Apple

China is a huge market, and being a tightly controlled state the amount of pressure it can bring to bear upon global enterprises is huge. This is part of why even behemoths like Apple, one of the most valuable companies to have ever existed, is making sure not to step on China’s toes.

The latest development in this direction came recently, with the Cupertino giant warning Apple Tv+ show makers to refrain from creating things that could potentially piss China off.

Them move comes days after Apple removed HKMap.live, an app that helped protesters track police movements across Hong Kong, from the app store. The move was hailed by the People’s Daily, China’s state run newspaper, and it was one of the most read stories in the business section.

Chinese netizens hail Apple’s removal of app that aids HK rioters.

Along with HKmap.live, Apple also removed the Quartz app (due perhaps to their coverage of the protests in the city) and the Taiwan flag emoji for Hong Kong based iOS users. All in all, the company has removed a total of 517 apps from the app store at the Chinese government’s request.

Along with porn and gambling, many were VPN and news applications. The company has also provided whatever data the Chinese government needed, almost all the time without even a semblance of resistance. Even the NYTimes app is not available in the country!

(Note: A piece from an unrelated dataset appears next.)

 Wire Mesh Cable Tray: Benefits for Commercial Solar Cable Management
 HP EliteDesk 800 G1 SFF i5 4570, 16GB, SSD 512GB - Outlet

Apparently, Apple’s kowtowing to China has been taking place long before today. According to BuzzFeed News, Eddy Cue, Apple’s SVP of internet software and services, and Morgan Wandell, its head of international content development released instructions as early as 2018, asking creators of original Apple TV+ programs to steer clear of controversies around China, and to ensure that they did not portray the communist nation in a bad light.

Apple has found itself at loggerheads with China once before In 2016, Apple’s iBooks Store and iTunes Movies were shut down by the Chinese government, merely six months after they debuted in the country due to content-related disagreement. Apple clearly does not want a repeat of that incident, considering the tens of billions of dollars it earns from China every year and the manufacturing operations it has set up in the country, and is even ready conform to the arbitrary rules put forward by the Chinese government to remain in its good graces.

Word on the street is that incidents like this are all too common. As per a US Technology executive:

We just get a phone call from Apple and they say ‘We just got a call from the Chinese government’ and five minutes later our app is off the App Store. It’s not a line of communication that would be open o any discussion.

They have so much market power in general and they wield that pretty indiscriminately.

Meanwhile, observers and analysts along with the general public are slowly coming to the same conclusion: Apple won’t stand up to the Chinese government and risk its revenue, even at the cost of doing things that it will outright refuse to do in Europe and United States.

Apple’s state reminds me of Yahoo!’s capitulation to China’s government over a decade ago, leading to the incarceration of a young Chinese reporter Shi Tao. It is sad to see that despite all the progress we are supposed to have made, one of the most powerful companies in the world continues to bend over to a government’s whims, even at the cost of not doing what it clearly knows is the right things.